Crawled caption data
────────
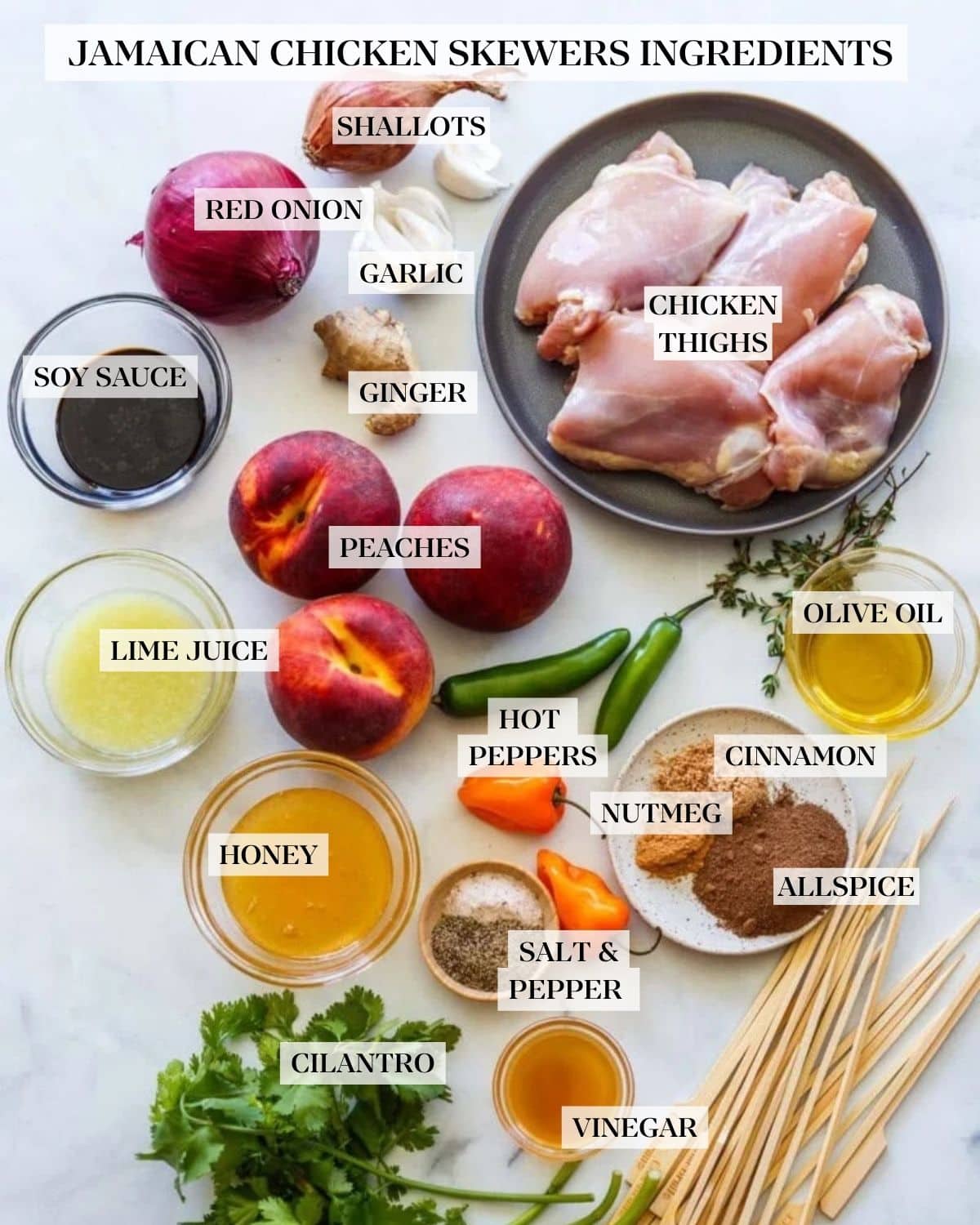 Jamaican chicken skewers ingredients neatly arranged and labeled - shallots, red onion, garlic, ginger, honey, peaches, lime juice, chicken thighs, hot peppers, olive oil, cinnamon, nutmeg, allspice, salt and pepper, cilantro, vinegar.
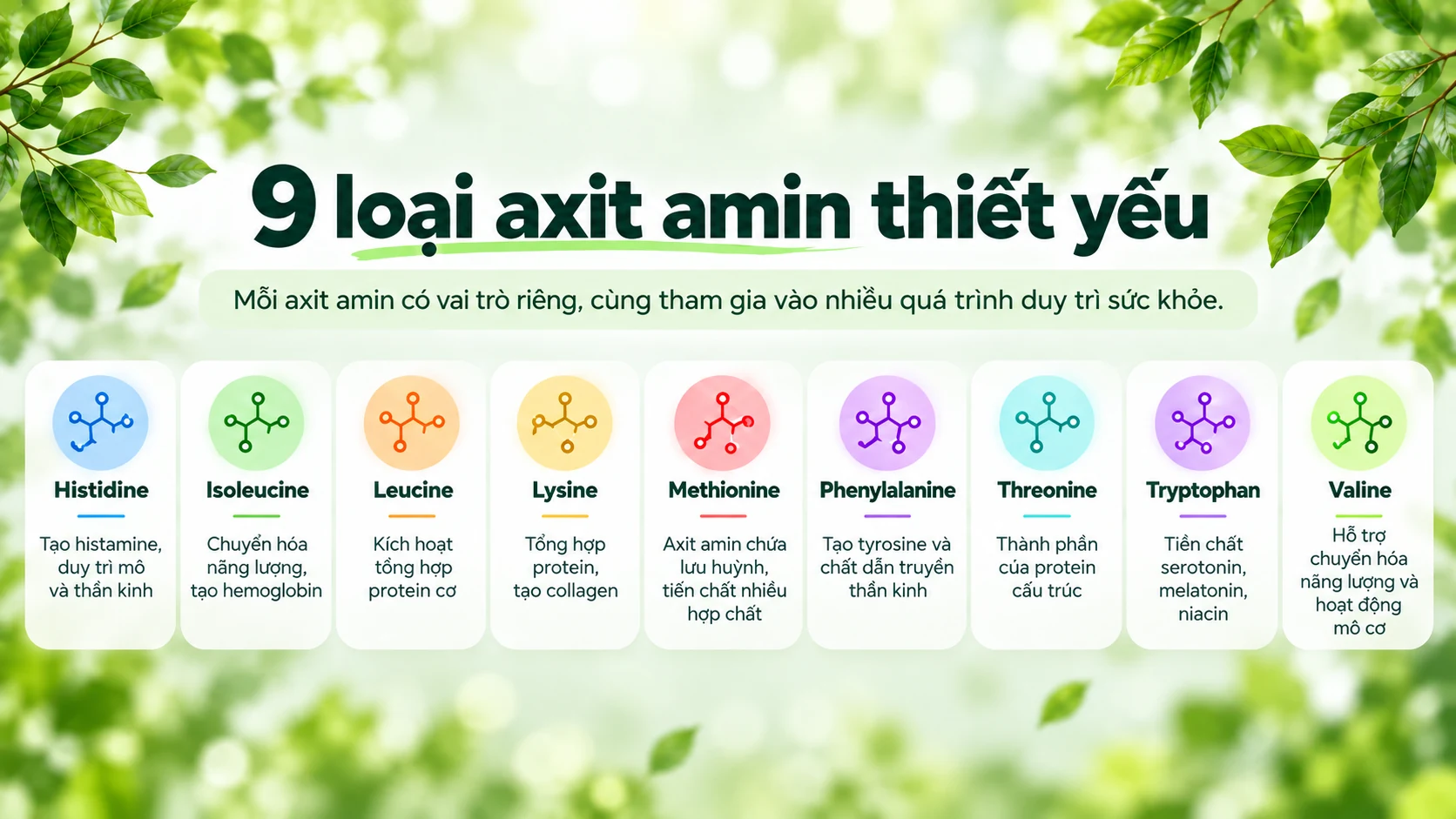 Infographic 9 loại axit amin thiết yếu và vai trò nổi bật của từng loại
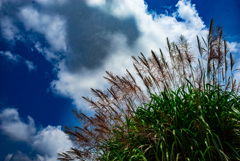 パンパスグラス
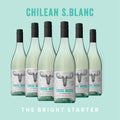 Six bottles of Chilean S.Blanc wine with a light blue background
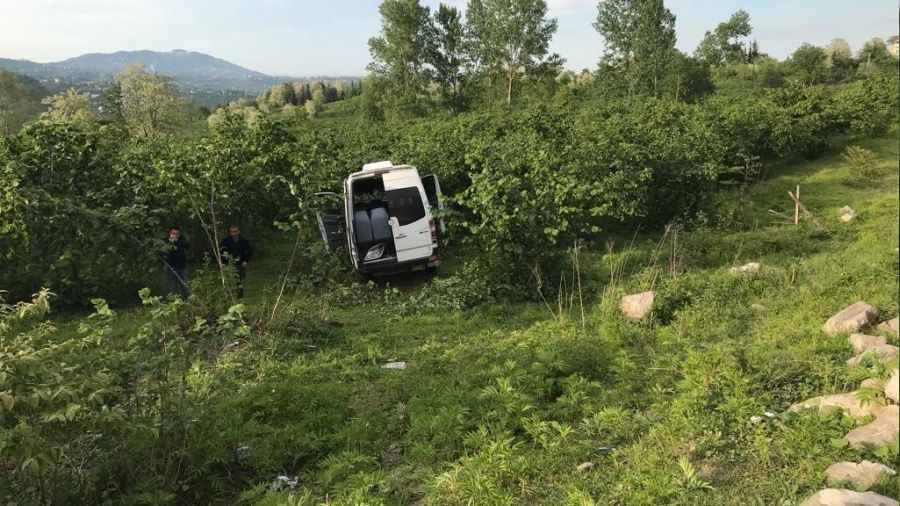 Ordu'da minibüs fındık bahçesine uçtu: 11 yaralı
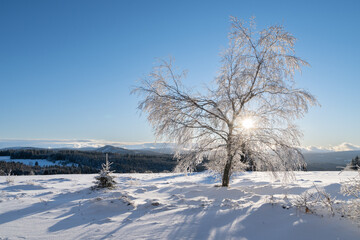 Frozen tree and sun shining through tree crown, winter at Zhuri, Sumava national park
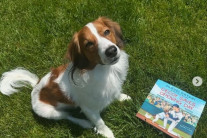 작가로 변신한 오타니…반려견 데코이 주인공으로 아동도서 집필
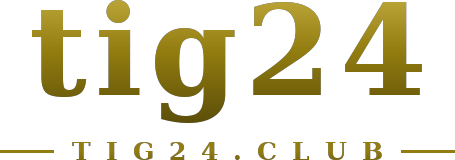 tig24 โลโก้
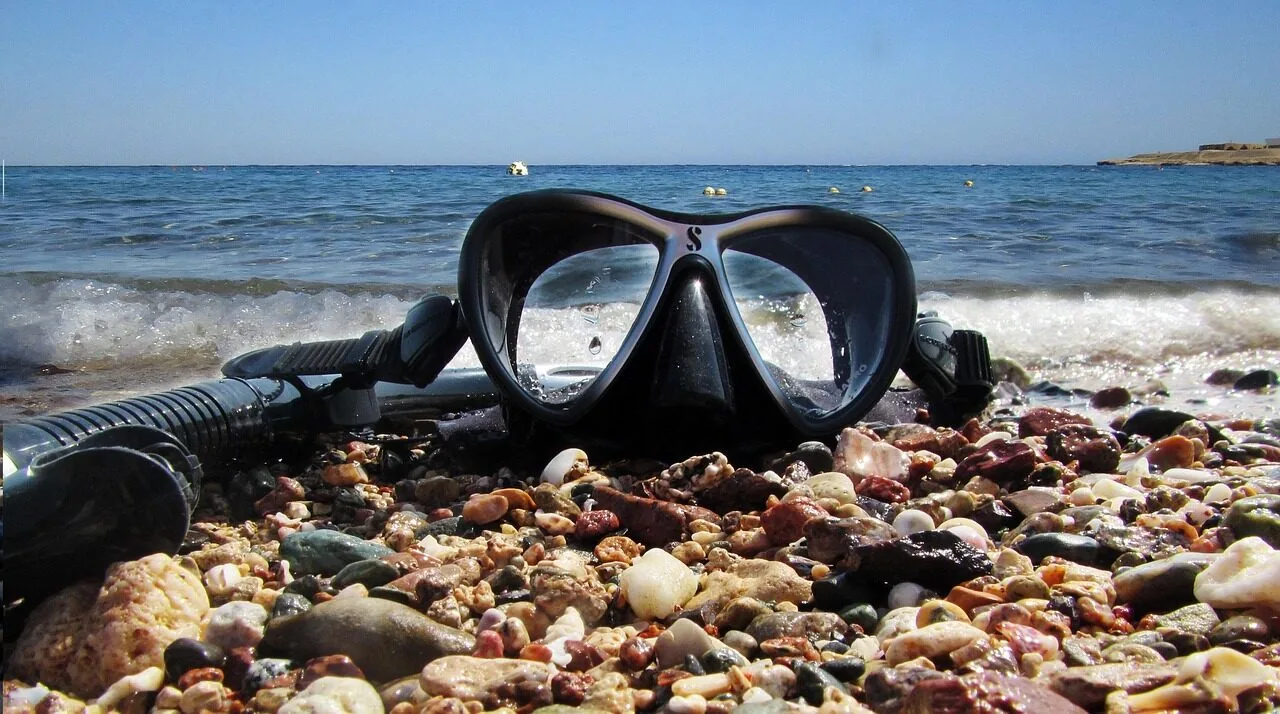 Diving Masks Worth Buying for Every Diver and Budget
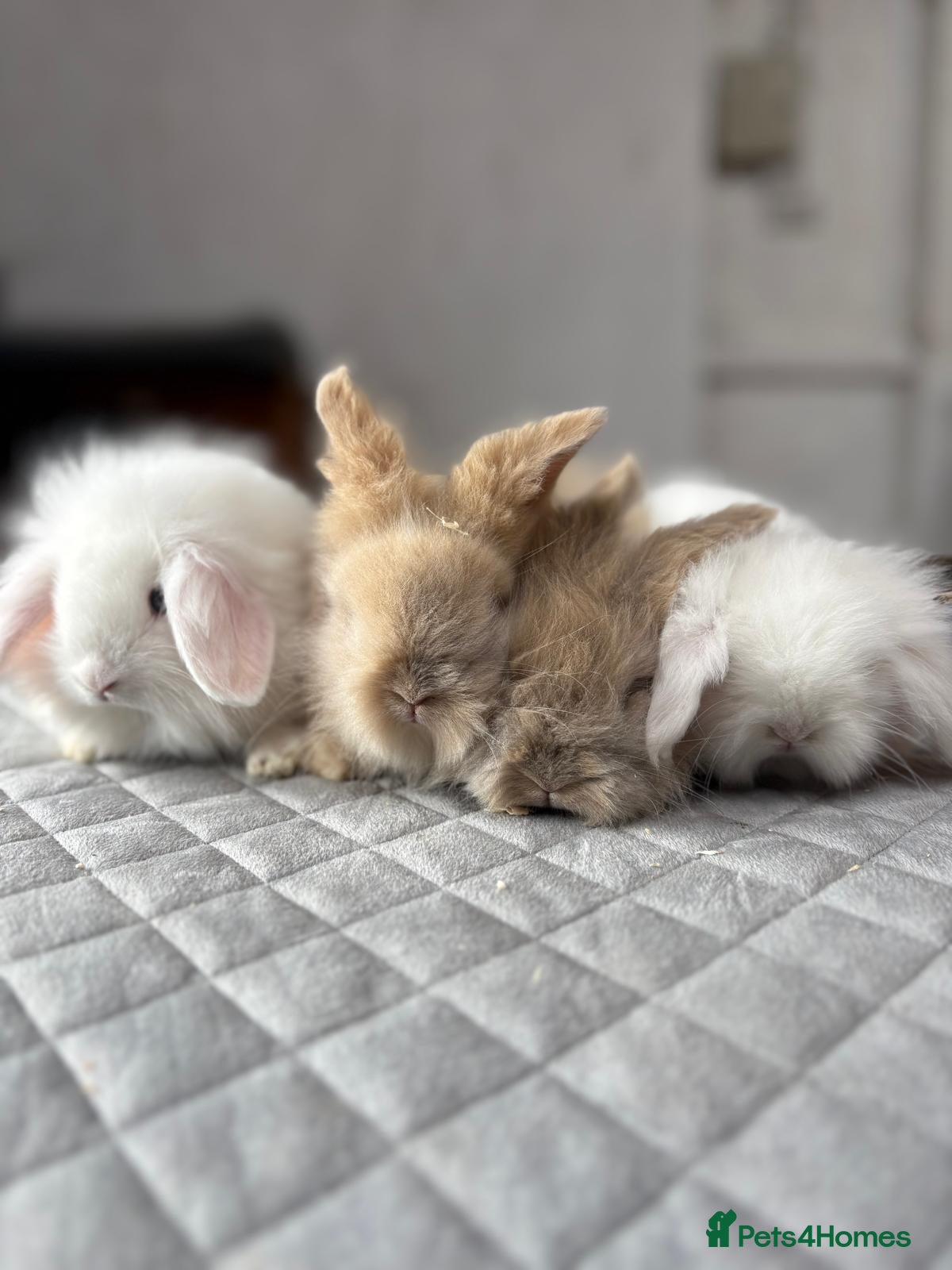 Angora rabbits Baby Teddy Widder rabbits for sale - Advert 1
────────
### Task details
Pictures are not part of the copy. Output only the lines from the one with "Ordu'da minibüs fındık" through the final line of the records, exactly as given.

### Expected answer
 Ordu'da minibüs fındık bahçesine uçtu: 11 yaralı
 Frozen tree and sun shining through tree crown, winter at Zhuri, Sumava national park
 작가로 변신한 오타니…반려견 데코이 주인공으로 아동도서 집필
 tig24 โลโก้
 Diving Masks Worth Buying for Every Diver and Budget
 Angora rabbits Baby Teddy Widder rabbits for sale - Advert 1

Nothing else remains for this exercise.